Jul 21, 2024

SMS Spam Detector/Classifier

machinelearning python artificialintelligence streamlit kaggle


My SMS Spam Classifier is a helpful tool for dealing with spam text messages. It uses Multinomial Naive Bayes model to figure out if a text message is spam or not. All you have to do is copy and paste or type in the text message, and the app will tell you if it’s spam.

Process

I began by setting up my development environment, choosing to work with Python and the powerful Streamlit framework. Streamlit allowed me to quickly build an interactive web application that would serve as the user interface for my spam classifier.

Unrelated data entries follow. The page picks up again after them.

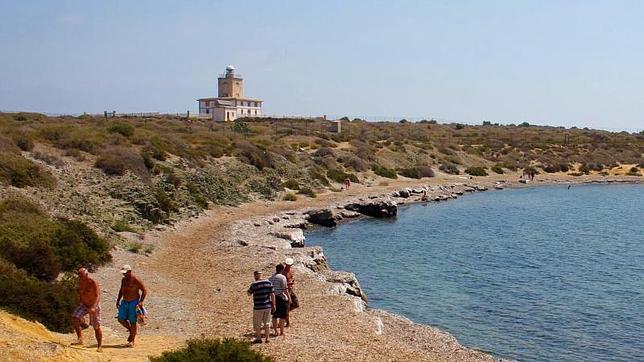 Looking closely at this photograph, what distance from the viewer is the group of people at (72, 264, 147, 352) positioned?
44.1 feet

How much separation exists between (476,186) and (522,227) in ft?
84.3

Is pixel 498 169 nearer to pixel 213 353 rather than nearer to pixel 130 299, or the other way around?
pixel 130 299

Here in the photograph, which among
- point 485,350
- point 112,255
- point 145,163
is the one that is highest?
point 145,163

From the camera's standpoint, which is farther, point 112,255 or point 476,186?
point 476,186

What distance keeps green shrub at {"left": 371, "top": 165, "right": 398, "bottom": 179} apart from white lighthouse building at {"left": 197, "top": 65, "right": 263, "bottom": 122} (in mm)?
→ 47077

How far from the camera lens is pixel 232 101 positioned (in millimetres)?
Answer: 117625

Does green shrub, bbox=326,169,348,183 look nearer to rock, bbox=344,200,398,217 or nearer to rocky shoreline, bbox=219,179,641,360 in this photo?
rocky shoreline, bbox=219,179,641,360

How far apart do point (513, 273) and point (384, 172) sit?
131 ft

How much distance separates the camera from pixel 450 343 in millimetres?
17828

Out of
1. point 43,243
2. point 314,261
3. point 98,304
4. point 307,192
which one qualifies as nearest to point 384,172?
point 307,192

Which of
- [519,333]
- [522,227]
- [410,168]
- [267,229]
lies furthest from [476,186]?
[519,333]

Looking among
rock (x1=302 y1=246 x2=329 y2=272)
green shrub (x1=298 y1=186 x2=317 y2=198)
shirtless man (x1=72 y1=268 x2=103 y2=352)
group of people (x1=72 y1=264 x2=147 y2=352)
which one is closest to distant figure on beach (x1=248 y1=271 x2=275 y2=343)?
group of people (x1=72 y1=264 x2=147 y2=352)

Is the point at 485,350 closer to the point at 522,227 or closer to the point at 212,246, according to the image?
the point at 212,246

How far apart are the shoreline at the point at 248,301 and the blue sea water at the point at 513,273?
2.42 meters
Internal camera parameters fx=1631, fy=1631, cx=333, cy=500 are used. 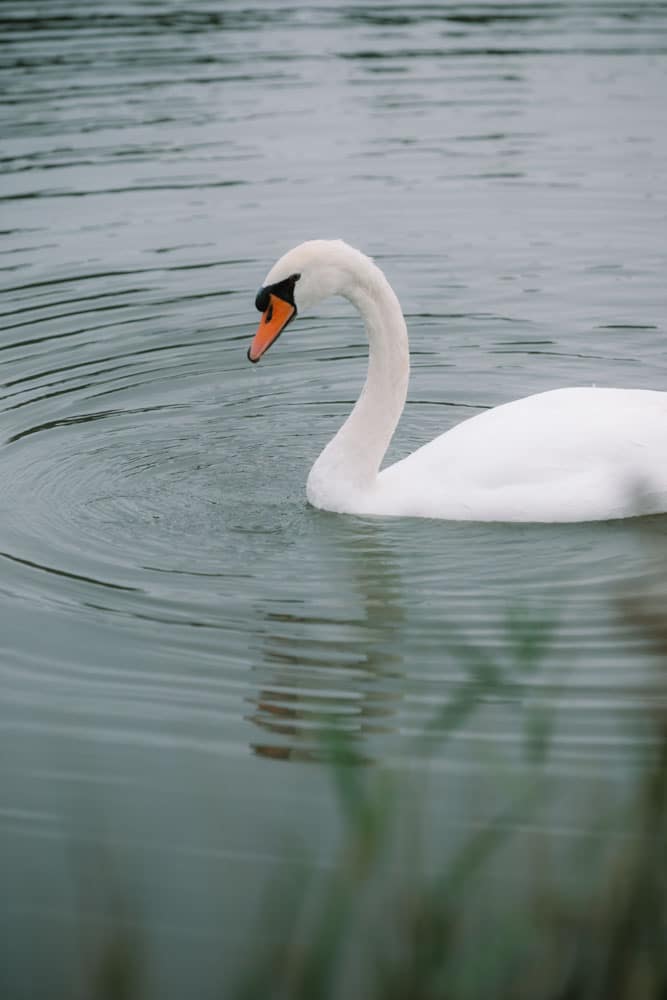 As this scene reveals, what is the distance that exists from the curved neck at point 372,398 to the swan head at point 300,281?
0.28ft

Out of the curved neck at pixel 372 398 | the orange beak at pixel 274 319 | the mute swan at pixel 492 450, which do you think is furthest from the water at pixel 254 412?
the orange beak at pixel 274 319

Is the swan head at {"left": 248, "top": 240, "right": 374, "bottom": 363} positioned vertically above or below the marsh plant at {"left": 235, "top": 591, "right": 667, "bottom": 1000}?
above

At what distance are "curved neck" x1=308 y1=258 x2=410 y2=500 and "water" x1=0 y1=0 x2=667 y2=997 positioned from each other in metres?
0.27

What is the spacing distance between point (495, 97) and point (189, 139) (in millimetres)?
3459

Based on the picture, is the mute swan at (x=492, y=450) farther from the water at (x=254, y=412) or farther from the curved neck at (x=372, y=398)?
the water at (x=254, y=412)

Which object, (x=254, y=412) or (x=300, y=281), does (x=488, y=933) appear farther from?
(x=254, y=412)

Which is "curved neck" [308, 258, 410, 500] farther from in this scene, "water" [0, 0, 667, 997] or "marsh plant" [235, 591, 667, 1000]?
"marsh plant" [235, 591, 667, 1000]

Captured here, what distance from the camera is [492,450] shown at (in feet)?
24.4

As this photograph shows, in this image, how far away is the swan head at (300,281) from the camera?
7.55 meters

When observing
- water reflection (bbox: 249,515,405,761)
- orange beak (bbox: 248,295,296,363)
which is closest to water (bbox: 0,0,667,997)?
A: water reflection (bbox: 249,515,405,761)

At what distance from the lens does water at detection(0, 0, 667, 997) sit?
207 inches

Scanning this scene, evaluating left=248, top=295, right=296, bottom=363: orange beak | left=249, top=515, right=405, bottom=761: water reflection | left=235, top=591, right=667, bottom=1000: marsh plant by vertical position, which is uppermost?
left=248, top=295, right=296, bottom=363: orange beak

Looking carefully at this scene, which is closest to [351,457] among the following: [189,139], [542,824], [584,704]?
[584,704]

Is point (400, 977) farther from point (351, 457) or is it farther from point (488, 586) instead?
point (351, 457) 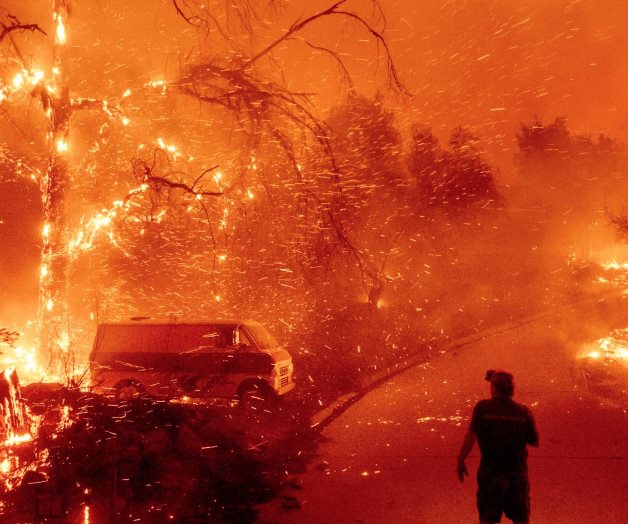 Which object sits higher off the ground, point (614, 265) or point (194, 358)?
point (614, 265)

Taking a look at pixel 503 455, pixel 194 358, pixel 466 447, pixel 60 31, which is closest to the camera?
pixel 503 455

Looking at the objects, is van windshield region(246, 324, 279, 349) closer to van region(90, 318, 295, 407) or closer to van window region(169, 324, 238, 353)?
van region(90, 318, 295, 407)

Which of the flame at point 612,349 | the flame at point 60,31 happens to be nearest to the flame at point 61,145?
Answer: the flame at point 60,31

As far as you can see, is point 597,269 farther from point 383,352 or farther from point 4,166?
point 4,166

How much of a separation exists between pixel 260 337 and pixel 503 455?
26.0ft

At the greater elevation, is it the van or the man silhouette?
the van

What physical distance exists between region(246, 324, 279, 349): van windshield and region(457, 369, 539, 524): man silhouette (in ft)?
24.7

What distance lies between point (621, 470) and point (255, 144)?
727cm

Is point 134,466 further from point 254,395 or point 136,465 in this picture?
point 254,395

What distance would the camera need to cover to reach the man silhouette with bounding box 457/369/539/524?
4.34 meters

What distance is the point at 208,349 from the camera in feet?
38.8

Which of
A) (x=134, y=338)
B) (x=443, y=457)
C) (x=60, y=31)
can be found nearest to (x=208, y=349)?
(x=134, y=338)

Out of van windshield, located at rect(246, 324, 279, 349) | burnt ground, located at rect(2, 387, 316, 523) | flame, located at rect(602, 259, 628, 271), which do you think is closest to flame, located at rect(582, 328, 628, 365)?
van windshield, located at rect(246, 324, 279, 349)

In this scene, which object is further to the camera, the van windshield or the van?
the van windshield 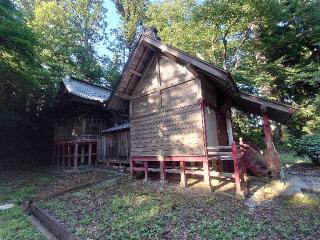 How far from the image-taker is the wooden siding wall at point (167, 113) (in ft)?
35.1

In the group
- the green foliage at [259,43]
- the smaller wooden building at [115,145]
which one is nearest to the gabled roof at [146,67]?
the smaller wooden building at [115,145]

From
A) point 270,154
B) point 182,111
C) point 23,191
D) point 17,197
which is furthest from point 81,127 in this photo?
point 270,154

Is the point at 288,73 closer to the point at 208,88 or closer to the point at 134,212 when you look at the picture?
the point at 208,88

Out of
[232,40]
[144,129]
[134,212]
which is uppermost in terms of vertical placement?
[232,40]

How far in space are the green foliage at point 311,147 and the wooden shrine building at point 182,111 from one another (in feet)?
13.4

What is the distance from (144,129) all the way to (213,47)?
1157cm

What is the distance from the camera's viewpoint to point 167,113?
1180 centimetres

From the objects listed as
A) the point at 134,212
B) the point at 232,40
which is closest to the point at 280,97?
the point at 232,40

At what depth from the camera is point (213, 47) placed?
20812 millimetres

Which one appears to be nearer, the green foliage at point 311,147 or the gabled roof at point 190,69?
the gabled roof at point 190,69

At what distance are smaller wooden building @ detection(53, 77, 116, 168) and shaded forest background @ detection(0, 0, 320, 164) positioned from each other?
247 cm

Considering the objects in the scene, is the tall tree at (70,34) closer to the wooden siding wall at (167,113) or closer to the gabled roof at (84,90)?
the gabled roof at (84,90)

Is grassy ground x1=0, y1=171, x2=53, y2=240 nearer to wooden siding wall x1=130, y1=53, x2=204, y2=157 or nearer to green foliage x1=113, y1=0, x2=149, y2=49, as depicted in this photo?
wooden siding wall x1=130, y1=53, x2=204, y2=157

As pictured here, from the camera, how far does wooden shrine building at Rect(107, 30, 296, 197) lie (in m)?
10.0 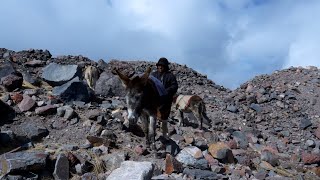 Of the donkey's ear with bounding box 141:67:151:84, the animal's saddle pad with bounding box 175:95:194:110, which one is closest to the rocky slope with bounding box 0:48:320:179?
the animal's saddle pad with bounding box 175:95:194:110

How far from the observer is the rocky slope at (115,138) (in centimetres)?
699

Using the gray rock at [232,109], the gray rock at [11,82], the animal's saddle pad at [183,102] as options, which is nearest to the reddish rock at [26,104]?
the gray rock at [11,82]

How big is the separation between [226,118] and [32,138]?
23.6ft

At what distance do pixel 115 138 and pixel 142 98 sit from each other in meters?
1.77

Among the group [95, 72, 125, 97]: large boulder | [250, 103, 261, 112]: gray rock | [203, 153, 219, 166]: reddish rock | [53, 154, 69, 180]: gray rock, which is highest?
[250, 103, 261, 112]: gray rock

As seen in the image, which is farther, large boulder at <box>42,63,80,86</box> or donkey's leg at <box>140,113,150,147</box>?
large boulder at <box>42,63,80,86</box>

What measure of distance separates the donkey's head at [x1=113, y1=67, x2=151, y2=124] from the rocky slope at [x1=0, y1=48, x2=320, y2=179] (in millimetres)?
810

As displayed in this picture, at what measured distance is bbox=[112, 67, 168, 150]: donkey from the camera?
6.82 meters

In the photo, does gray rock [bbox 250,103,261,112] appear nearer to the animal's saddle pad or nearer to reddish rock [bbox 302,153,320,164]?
the animal's saddle pad

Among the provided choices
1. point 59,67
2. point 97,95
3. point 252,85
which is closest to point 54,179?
point 97,95

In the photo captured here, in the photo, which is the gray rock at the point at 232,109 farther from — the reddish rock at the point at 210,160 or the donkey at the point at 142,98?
the donkey at the point at 142,98

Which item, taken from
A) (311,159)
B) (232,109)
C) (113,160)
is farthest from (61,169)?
(232,109)

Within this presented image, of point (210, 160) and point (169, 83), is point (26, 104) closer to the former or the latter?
point (169, 83)

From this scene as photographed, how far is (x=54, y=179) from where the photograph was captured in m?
6.82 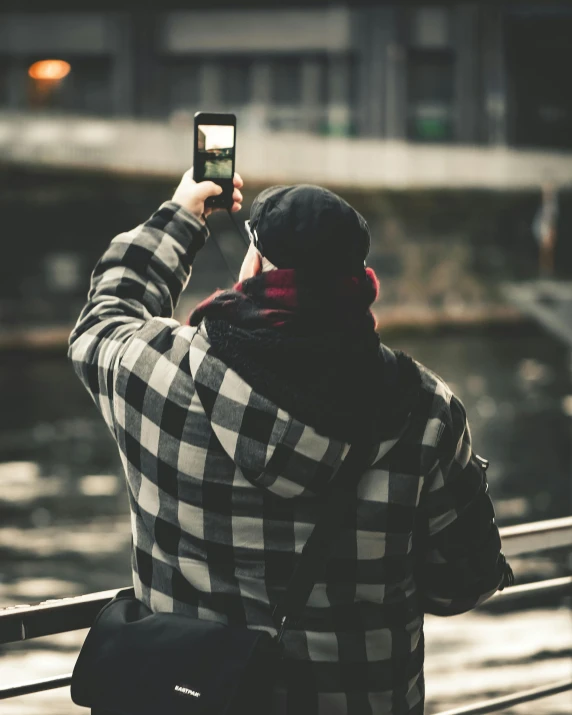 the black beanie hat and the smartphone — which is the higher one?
the smartphone

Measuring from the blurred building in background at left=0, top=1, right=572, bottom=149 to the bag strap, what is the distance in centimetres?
2682

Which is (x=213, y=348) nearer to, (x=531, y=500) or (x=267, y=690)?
(x=267, y=690)

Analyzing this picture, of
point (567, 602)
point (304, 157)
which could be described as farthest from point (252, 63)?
point (567, 602)

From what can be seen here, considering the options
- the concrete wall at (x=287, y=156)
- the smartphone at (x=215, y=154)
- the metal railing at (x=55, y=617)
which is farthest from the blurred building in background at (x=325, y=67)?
the smartphone at (x=215, y=154)

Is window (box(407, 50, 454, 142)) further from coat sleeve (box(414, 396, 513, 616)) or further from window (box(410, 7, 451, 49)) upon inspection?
coat sleeve (box(414, 396, 513, 616))

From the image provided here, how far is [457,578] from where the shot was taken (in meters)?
1.58

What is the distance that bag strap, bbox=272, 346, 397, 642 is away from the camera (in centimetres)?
145

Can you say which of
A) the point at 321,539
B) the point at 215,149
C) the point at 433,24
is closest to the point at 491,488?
the point at 215,149

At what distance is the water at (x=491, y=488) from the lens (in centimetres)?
807

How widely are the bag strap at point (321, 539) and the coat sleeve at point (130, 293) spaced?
0.31 metres

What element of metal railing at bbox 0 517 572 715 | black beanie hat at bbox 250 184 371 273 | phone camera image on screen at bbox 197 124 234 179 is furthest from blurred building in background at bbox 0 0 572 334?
black beanie hat at bbox 250 184 371 273

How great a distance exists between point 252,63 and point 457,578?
27.8m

With the dataset in hand, I started by exploring and preprocessing the data. I cleaned the text messages, removing any unnecessary characters, and then used techniques like tokenization and vectorization to convert the text into a format that could be fed into a machine learning model.

After careful consideration, I decided to use a Naive Bayes classifier as the core of my spam detection algorithm. This model has proven to be effective in text classification tasks, and it was relatively straightforward to implement and train.

To train the model, I split the dataset into training and testing sets, ensuring that the model would be evaluated on unseen data. I then fine-tuned the hyperparameters of the Naive Bayes classifier, experimenting with different configurations to achieve the best possible performance.

Once the model was trained and tested, I integrated it into the Streamlit application.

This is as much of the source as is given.